There is more, much more, in this column.
What really matters about this column is in the last three paragraphs.
Krugman takes on the likes of Paul Ryan, who views SNAP as "a hammock that lulls able-bodied people to lives of dependency and complacency.” Krugman looks at the work of economists Hilary Hoynes and Diane Whitmore Schanzenbach, who in studying the recipients of food stamps in the 1960s and 1970s found
children who received early assistance grew up, on average, to be healthier and more productive adults than those who didn’t — and they were also, it turns out, less likely to turn to the safety net for help.
In other words, like so many other social programs, investment in early support saves major public expenditures later in life. This was true of Head Start as it is of early childhood education today. Fritz Hollings, who helped birth WIC (Womens, Infants and Children's Nutrition) once opined that it was cheaper to feed the child than to jail the man.

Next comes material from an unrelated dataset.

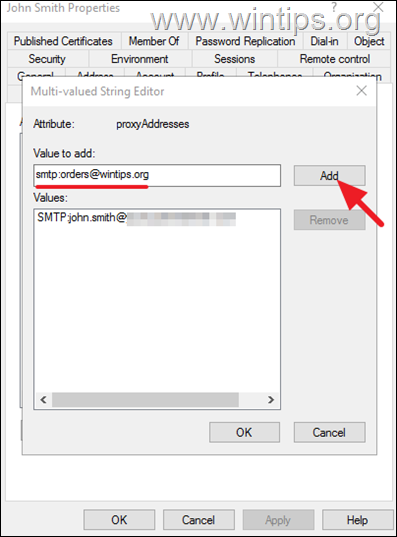 add secondary email (alias) active directory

That principle still applies, even as some on the right seem to want to oppose ALL social programs (except for welfare for corporations and the rich).
Krugman's penultimate paragraph reads as follows:
SNAP, in short, is public policy at its best. It not only helps those in need; it helps them help themselves. And it has done yeoman work in the economic crisis, mitigating suffering and protecting jobs at a time when all too many policy makers seem determined to do the opposite. So it tells you something that conservatives have singled out this of all programs for special ire.

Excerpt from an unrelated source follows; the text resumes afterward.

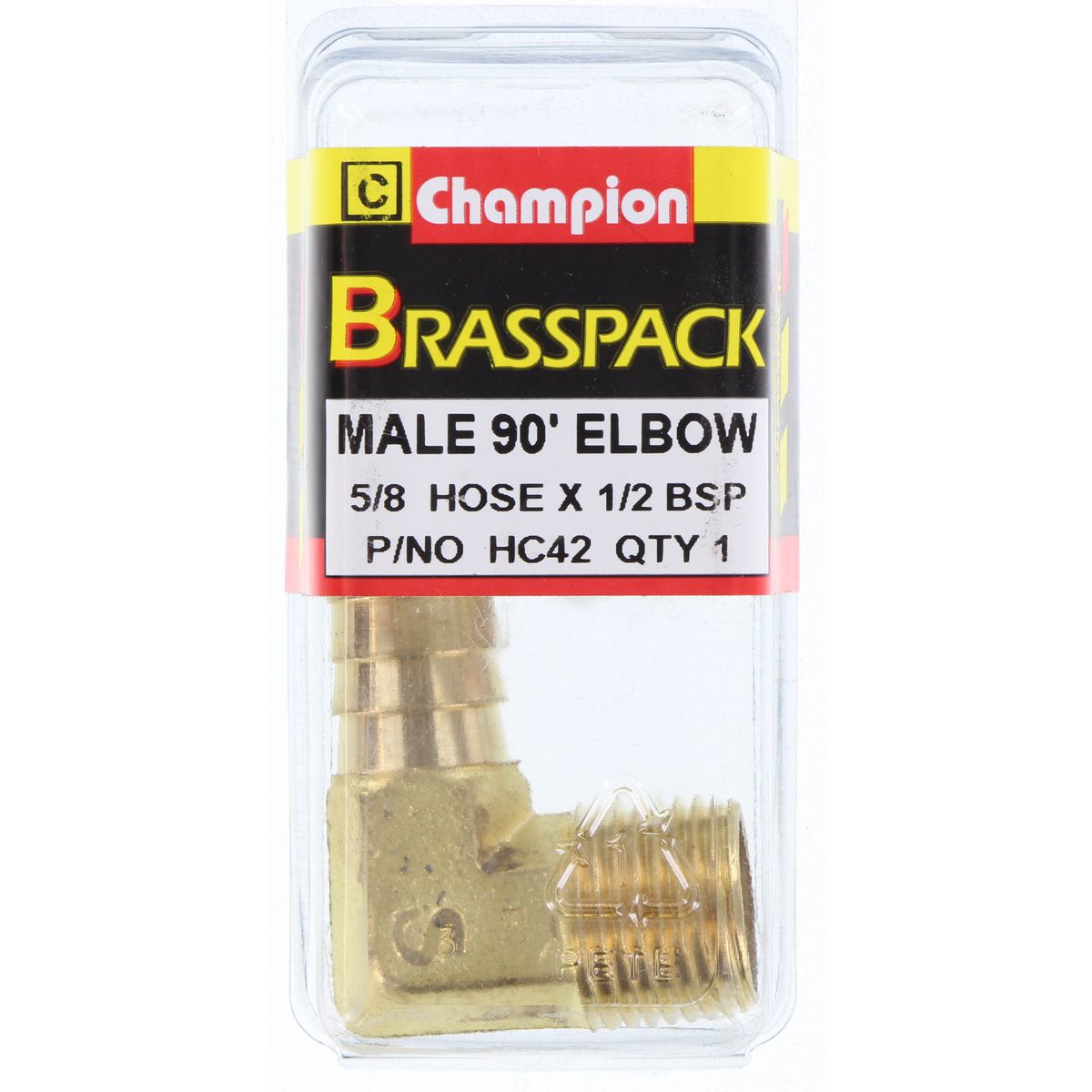 Champion Brass Male 90 Elbow 5/8 Hose x 1/2 BSP HC42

conservatives have singled out this of all programs for special ire - including those conservatives who themselves are receiving farm subsidies in the tens of thousands of dollars, or even more, as is true of at least 14 members of the House who voted to slash SNAP.
Let me help them properly phrase their "philosophical" principles:
"Don't you DARE touch anything that benefits me or my supporters and to hell with anyone else."
In other words, government's primary purpose for them is to take from those who need assistance - who still pay income and payroll taxes - and give to those who agree with them. To hell with any social contract. To hell with the principle in the Preamble to "promote the general welfare."
Republicans are now the party of Scrooge - that is, Scrooge before he is visited by the ghosts. I suppose some will move to ban the reading of Dickens precisely because those who read his classic works might oppose what they are doing politically.
But if that is what they want to do, they will also have to eliminate large portions of both the Hebrew and Christian Bible.
Since many claim they are Christians, let me merely remind them to go read Matthew Chapter 25, you know, the part about "I was hungry" and Jesus notes that those who fed the hungry enter into the joy of God while those who failed to do so are cast out. In the Orthodox Churches, that passage is the heart of the Gospel for the Sunday of the Last Judgment.
That is ultimate.
There is a judgment that will come sooner, for many in 2014.
Which is why Krugman's final paragraph needs no explication from me:
Even some conservative pundits worry that the war on food stamps, especially combined with the vote to increase farm subsidies, is bad for the G.O.P., because it makes Republicans look like meanspirited class warriors. Indeed it does. And that’s because they are.